In this exercise, retype exactly the lines from the start of the entries through the line bearing "A hand pours", leaving every picture out.

** PROVIDED DATA **
####

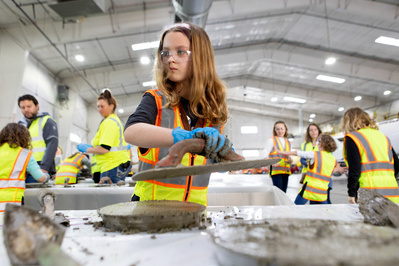 A kid a working intently on a cement  project.
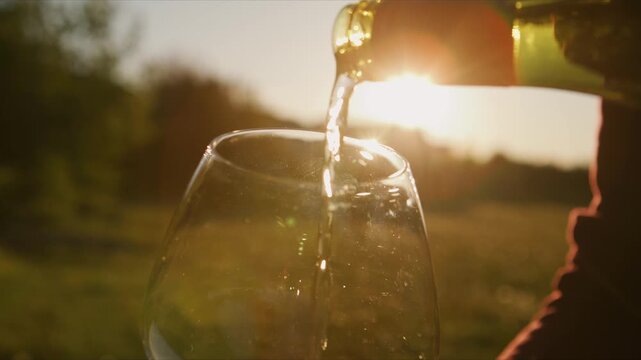 A hand pours a radiant white wine into a glass as sunlight dances through the liquid, capturing the essence of a luxurious evening at a vineyard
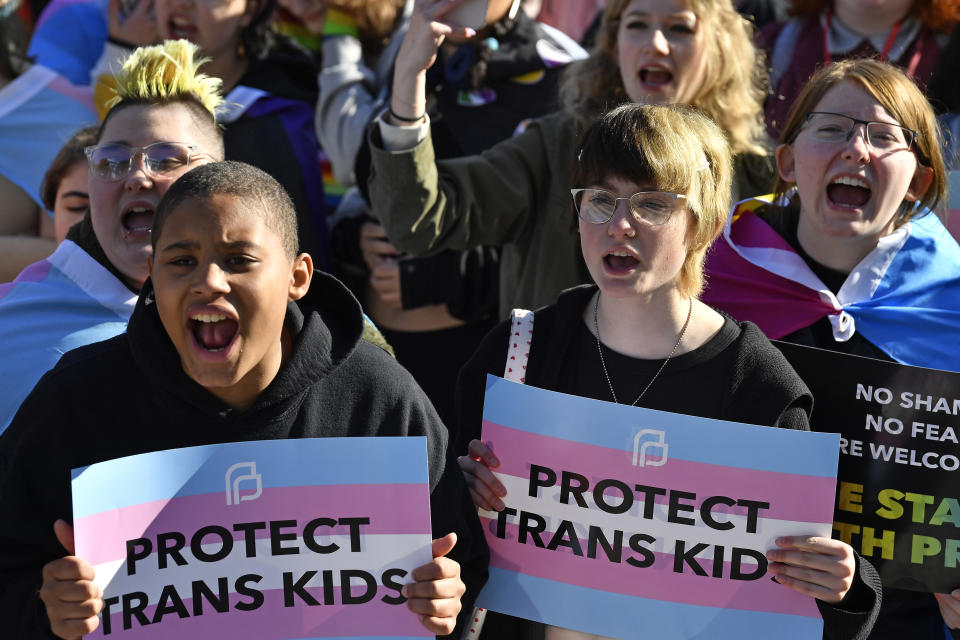 FILE - Protesters of Kentucky Senate Bill SB150, known as the Transgender Health Bill, cheer on speakers during a rally on the lawn of the Kentucky Capitol in Frankfort, Ky., March 29, 2023. Questions over which side was being more compassionate emerged as a key tension as federal appellate judges heard arguments Friday, Sept. 1, 2023, on whether to block transgender youth from receiving gender-affirming care in Kentucky and Tennessee. (AP Photo/Timothy D. Easley, File)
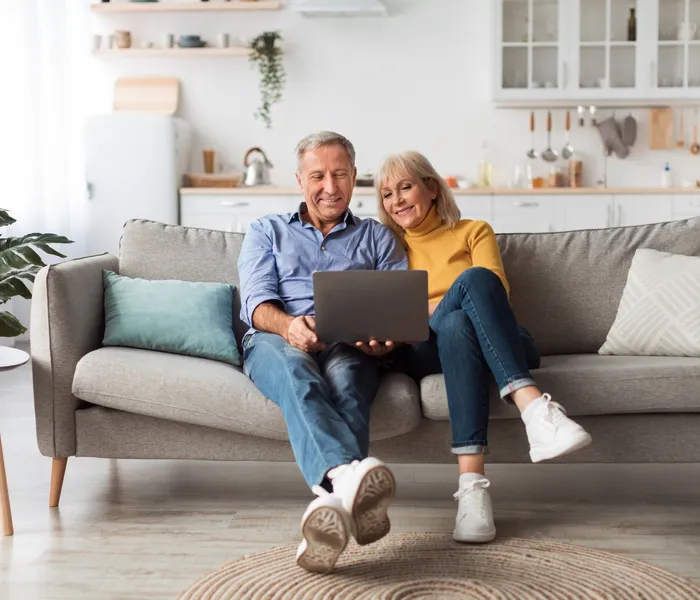 Couple sitting together and filing Spanish non-resident Modelo 210 tax on a laptop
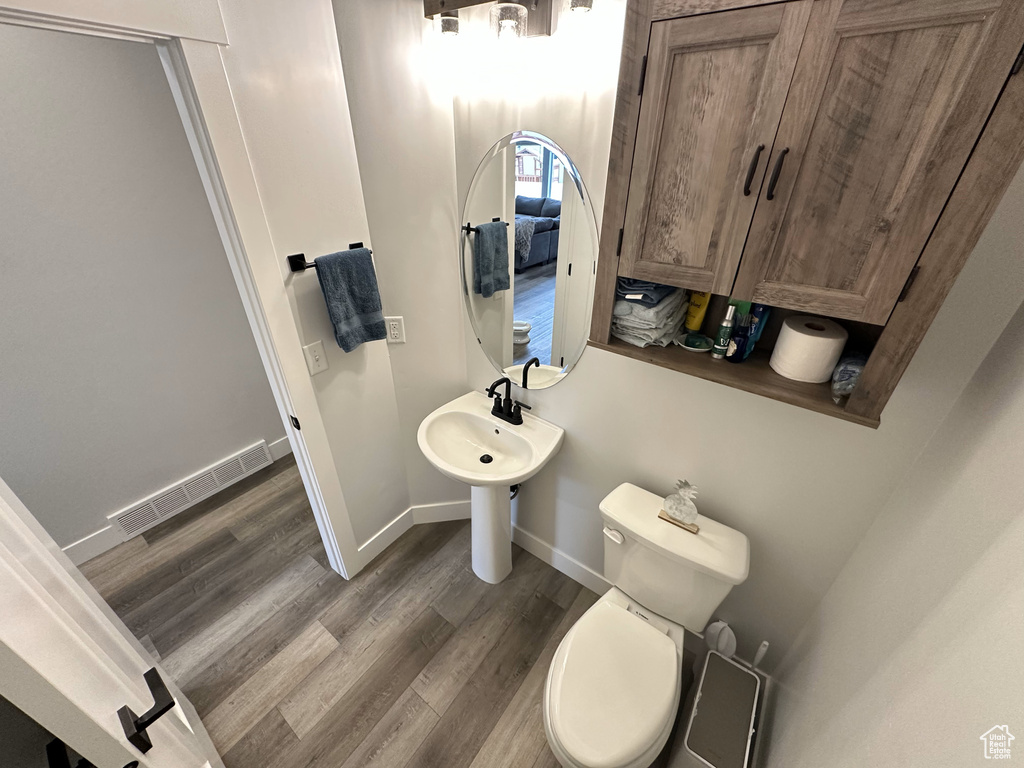 Half bath featuring wood finished floors, baseboards, toilet, and a sink
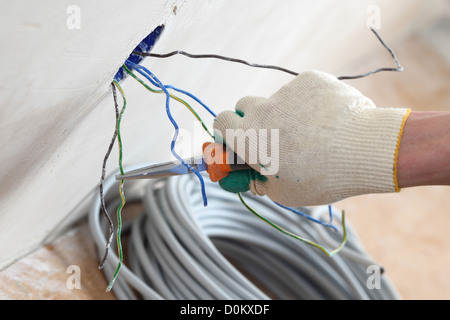 worker puts the wires in the wall Stock Photo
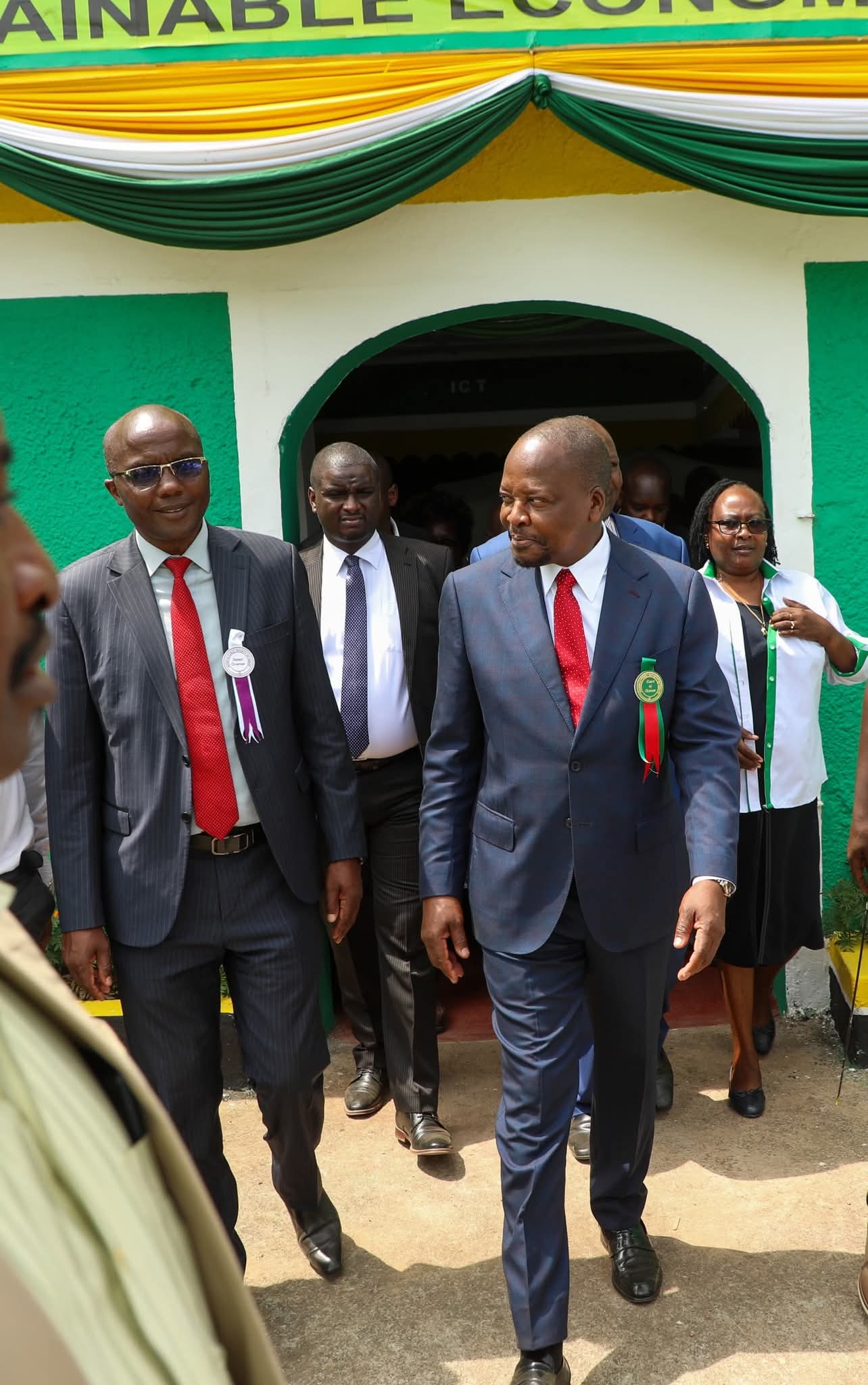 CS Mutahi Kagwe (right) is taken round the Nakuru Show by Nakuru Deputy Governor Dr David Kones (left)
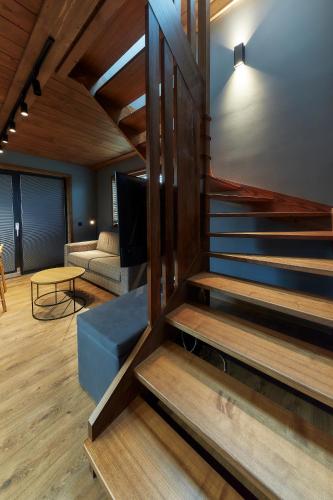 a staircase in a room with a couch and a table at Domki 1010 m in Ząb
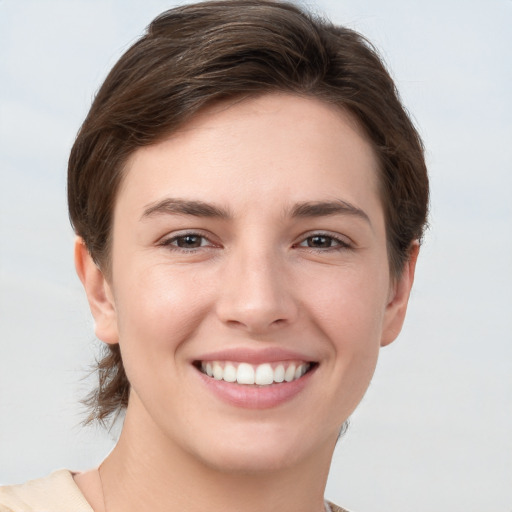 Joyful white young-adult female with short  brown hair and grey eyes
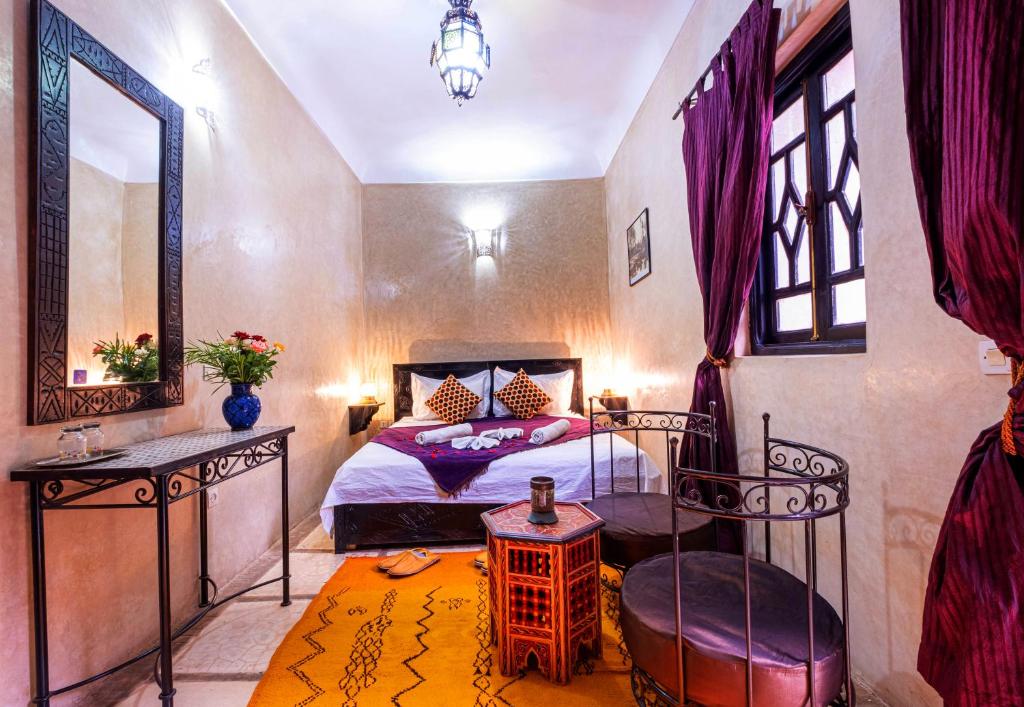 une chambre avec un lit, un miroir et une chaise dans l'établissement Riad ViewPoint, à Marrakech 32 autres photos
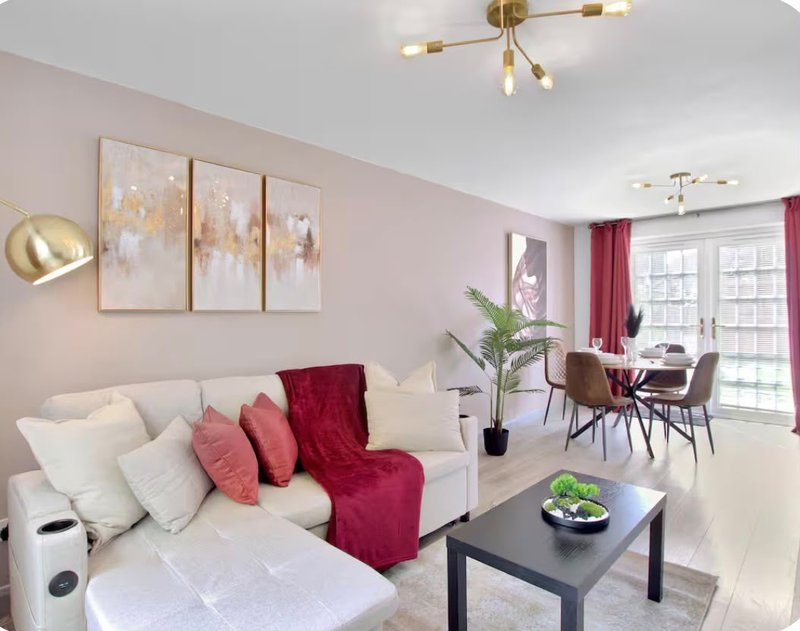 Modern living room with cream sofa, burgundy accents, wall art, and dining area beyond
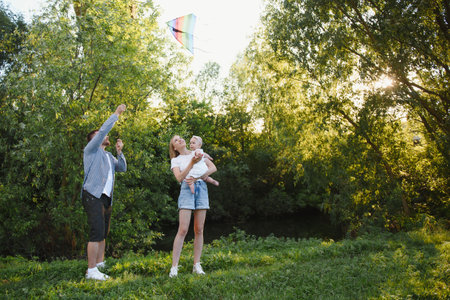 Happy young family spending time together outside in green nature.の写真素材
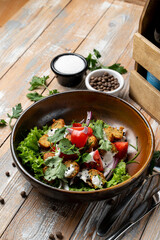 A vibrant dish of crispy lettuce, diced tomatoes, and flavorful herbs is artfully arranged in a rustic bowl, offering a healthy meal option. Perfect for lunchtime gatherings or enhancing a buffet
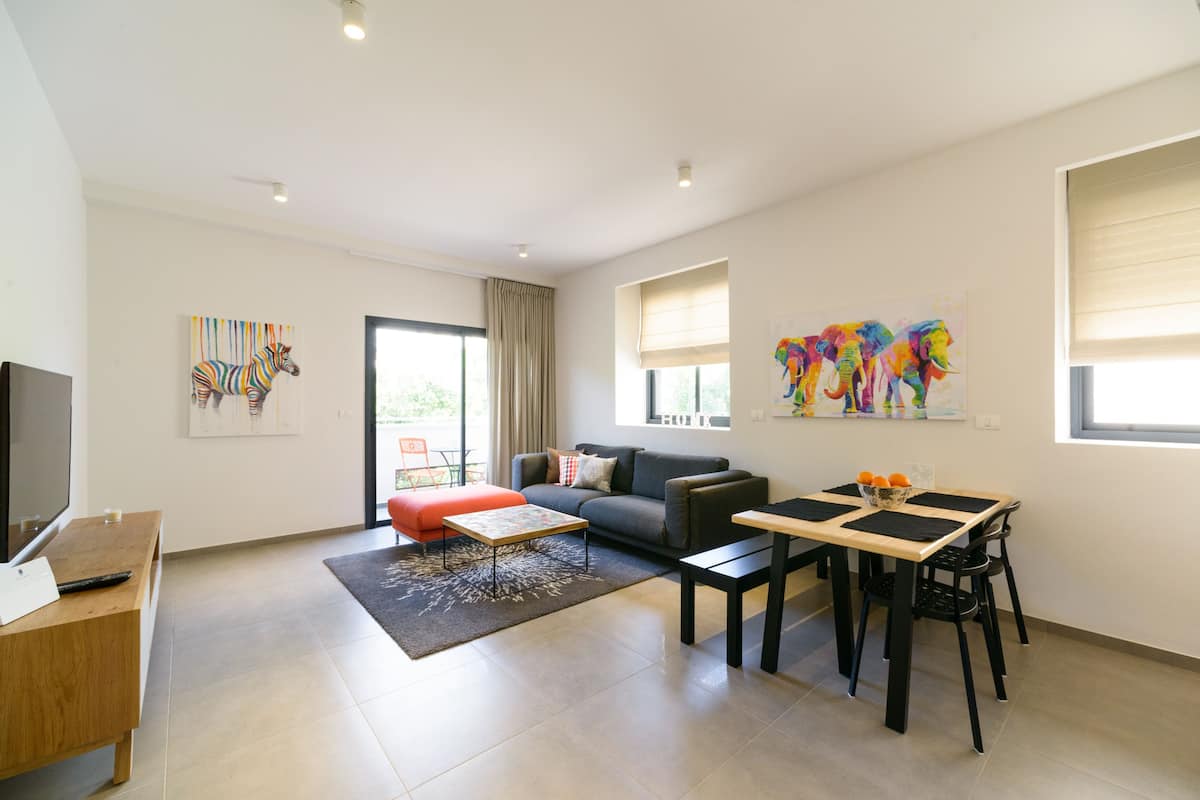 A modern living room with a sofa, coffee table, and dining area.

####

** WRITTEN ANSWER **
 A kid a working intently on a cement  project.
 A hand pours a radiant white wine into a glass as sunlight dances through the liquid, capturing the essence of a luxurious evening at a vineyard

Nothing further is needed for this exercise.